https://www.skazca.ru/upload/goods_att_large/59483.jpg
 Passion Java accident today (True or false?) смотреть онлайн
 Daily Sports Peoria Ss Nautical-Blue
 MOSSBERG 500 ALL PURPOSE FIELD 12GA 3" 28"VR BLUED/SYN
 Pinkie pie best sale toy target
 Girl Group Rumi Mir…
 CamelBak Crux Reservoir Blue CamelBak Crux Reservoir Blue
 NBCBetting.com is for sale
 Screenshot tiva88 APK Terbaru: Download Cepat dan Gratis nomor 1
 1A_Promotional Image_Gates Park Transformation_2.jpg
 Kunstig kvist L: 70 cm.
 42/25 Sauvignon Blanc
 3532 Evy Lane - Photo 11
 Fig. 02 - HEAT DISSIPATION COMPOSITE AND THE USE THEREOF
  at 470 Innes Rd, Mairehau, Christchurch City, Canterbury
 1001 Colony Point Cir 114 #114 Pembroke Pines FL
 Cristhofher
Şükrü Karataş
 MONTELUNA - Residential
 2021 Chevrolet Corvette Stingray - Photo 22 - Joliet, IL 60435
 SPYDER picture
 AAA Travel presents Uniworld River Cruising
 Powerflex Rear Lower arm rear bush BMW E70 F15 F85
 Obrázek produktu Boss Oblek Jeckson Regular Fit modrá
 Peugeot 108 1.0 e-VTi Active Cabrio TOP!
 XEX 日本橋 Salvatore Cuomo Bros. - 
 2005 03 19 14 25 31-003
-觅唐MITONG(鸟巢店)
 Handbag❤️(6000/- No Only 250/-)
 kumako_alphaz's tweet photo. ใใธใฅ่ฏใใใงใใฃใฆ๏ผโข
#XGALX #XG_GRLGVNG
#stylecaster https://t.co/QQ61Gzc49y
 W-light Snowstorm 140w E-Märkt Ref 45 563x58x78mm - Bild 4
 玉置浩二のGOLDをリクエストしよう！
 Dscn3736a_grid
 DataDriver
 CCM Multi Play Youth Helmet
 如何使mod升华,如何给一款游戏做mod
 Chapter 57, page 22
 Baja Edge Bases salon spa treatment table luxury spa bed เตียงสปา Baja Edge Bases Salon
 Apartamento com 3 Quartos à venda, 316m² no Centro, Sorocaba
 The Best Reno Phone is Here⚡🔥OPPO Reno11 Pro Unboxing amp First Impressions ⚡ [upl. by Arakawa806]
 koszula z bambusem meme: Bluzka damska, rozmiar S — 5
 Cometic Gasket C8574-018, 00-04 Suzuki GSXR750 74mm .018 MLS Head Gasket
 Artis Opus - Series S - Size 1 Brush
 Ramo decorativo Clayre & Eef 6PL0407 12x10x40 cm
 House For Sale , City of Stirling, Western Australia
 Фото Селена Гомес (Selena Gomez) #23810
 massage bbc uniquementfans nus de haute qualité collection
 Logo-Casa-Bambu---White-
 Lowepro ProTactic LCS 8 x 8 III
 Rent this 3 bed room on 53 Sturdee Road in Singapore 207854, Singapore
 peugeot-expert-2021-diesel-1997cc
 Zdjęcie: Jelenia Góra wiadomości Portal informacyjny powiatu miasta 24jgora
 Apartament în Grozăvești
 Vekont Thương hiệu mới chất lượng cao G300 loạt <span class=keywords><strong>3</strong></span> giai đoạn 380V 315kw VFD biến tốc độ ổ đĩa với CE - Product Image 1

*PROBLEM*.
Could you return every line from the entries above in which the string "City" occurs?

*WRITTEN SOLUTION*.
  at 470 Innes Rd, Mairehau, Christchurch City, Canterbury
 House For Sale , City of Stirling, Western Australia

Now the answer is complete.